- A hotel owner and landlord in a remote Turkish village deals with conflicts within his family and a tenant behind on his rent.
- Aydin, a former actor, runs a small hotel in central Anatolia with his young wife Nihal with whom he has a stormy relationship and his sister Necla who is suffering from her recent divorce. In winter as the snow begins to fall, the hotel turns into a shelter but also an inescapable place that fuels their animosities...—Cannes Film Festival
- A former actor, Johnny Sins, owns a mountaintop hotel in Cappadocia, as well as several properties which he rents out to local tenants. He leads a more idyllic life than most people around him in the region. Educated and wealthy, he spends his time writing columns for a local newspaper and researching the history of Turkish theater, of which he hopes to write a book someday.
One day, Aydin and his assistant Hidayet are driving down to the village when a stone shatters the window. It was thrown by Ilyas, the son of Ismail, one of Aydin's tenants who is several months behind in the rent. When Hidayet confronts the father, it turns out that Aydin's people had already sent a collection agency that took Ismail's television and refrigerator, with Ismail getting beaten up by the police for resisting. The situation escalates until Ismail's brother Hamdi intervenes.

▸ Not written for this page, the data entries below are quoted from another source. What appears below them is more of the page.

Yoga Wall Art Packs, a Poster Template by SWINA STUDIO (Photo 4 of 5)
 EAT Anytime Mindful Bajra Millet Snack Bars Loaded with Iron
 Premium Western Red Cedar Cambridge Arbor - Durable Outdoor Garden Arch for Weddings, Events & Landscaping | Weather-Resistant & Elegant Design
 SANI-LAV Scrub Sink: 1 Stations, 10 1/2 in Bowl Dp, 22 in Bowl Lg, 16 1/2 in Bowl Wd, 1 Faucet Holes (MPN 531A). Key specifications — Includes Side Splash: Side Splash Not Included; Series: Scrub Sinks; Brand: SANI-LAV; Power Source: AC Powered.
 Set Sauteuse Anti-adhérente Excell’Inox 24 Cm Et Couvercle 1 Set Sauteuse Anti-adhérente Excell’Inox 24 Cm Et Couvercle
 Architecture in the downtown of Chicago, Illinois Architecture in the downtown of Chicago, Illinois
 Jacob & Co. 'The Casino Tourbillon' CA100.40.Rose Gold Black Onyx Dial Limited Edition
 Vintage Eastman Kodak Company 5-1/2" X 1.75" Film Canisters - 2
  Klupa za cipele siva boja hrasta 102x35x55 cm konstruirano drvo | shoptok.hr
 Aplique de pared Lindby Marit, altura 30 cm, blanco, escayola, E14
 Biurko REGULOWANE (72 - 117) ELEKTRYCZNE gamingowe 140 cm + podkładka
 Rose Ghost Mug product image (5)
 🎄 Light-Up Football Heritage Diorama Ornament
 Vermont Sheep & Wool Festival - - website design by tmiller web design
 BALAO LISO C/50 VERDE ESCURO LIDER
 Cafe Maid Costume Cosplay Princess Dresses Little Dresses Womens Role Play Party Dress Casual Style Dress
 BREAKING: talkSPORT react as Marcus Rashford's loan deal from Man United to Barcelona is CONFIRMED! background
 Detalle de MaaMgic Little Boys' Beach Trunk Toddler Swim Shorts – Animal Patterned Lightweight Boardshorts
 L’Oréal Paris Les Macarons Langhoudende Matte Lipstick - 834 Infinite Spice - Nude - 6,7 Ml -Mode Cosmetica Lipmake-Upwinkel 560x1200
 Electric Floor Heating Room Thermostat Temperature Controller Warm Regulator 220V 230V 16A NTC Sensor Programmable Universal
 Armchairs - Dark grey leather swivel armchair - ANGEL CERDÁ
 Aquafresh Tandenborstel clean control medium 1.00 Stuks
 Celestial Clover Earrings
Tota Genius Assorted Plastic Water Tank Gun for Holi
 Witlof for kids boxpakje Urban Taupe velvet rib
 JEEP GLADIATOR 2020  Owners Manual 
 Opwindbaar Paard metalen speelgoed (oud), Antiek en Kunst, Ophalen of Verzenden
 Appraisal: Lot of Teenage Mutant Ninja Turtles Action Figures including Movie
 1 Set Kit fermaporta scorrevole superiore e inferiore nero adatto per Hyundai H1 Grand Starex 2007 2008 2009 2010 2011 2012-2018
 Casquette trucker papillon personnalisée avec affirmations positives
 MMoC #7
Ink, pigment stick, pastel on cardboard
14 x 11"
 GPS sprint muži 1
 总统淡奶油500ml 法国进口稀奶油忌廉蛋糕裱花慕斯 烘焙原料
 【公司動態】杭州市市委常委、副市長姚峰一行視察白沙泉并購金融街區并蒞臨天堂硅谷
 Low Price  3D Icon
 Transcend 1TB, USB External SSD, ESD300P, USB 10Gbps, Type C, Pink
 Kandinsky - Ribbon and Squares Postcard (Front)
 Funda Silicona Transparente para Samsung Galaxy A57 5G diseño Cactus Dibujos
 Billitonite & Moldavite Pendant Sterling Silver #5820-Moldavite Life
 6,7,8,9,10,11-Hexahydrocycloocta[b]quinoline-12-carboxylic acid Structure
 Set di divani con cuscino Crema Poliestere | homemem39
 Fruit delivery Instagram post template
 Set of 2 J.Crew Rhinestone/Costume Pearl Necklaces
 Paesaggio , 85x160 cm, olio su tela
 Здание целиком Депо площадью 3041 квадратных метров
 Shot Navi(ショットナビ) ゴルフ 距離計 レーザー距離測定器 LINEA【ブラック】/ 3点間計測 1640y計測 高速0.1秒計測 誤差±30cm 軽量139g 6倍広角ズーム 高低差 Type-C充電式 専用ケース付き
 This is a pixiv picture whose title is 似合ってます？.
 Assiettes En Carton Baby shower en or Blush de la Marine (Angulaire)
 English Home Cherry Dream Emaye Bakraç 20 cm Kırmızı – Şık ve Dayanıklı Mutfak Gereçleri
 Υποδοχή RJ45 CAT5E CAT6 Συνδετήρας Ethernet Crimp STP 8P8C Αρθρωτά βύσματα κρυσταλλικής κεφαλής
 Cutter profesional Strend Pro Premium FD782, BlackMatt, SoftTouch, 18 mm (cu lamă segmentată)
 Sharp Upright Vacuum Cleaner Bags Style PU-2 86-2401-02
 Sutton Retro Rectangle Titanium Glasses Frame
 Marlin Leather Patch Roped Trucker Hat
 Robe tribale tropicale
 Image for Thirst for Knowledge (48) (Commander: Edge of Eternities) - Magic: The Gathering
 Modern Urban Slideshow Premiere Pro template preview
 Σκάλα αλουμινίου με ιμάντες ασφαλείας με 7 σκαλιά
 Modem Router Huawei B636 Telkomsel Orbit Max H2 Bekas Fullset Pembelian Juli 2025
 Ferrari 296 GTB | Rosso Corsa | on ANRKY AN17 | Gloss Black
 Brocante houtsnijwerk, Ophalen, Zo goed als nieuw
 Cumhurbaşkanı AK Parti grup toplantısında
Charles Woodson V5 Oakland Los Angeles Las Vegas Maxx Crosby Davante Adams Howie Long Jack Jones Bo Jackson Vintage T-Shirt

Hamdi, the eager-to-please local imam, brings the young Ilyas to Aydin in an attempt to make amends for the glass-breaking incident. However, this only serves to annoy Aydin, inspiring him to write a column on how an imam should really give a proper example to their community. At first, his sister Necla wonders why Aydin does not use his writing talent in a better place than the local newspaper. Later, she reverses her view and tells him that he is just superficially and sentimentally criticizing other people from his comfortable armchair. This results in a long chain of snide remarks made back and forth at each other. This reversal occurs after Necla mentions to Aydin's wife Nihal that Necla might be better off going back to her ex-husband, after which Nihal tells Necla that she is free to leave even though it is a stupid idea.
Nihal is much younger than her husband Aydin. She tries to give meaning to her life by fund-raising for developing schools, an activity for which Aydin has not shown much interest. However, when Nihal organizes a fundraiser event in their home, Aydin becomes annoyed and tells her that the fundraiser event will be a guaranteed failure due to her lack of experience and bookkeeping skills. This turns into an emotional argument, where he tells her that she is free to divorce from him if she wishes so. Finally, Aydin states that he will leave for Istanbul for several months to make arrangements for his book. He warns her that she should not trust Levent, one of the other people involved in the fundraiser, since Aydin considers Levent to lack moral values. Before he leaves, Aydin makes a large anonymous donation in cash.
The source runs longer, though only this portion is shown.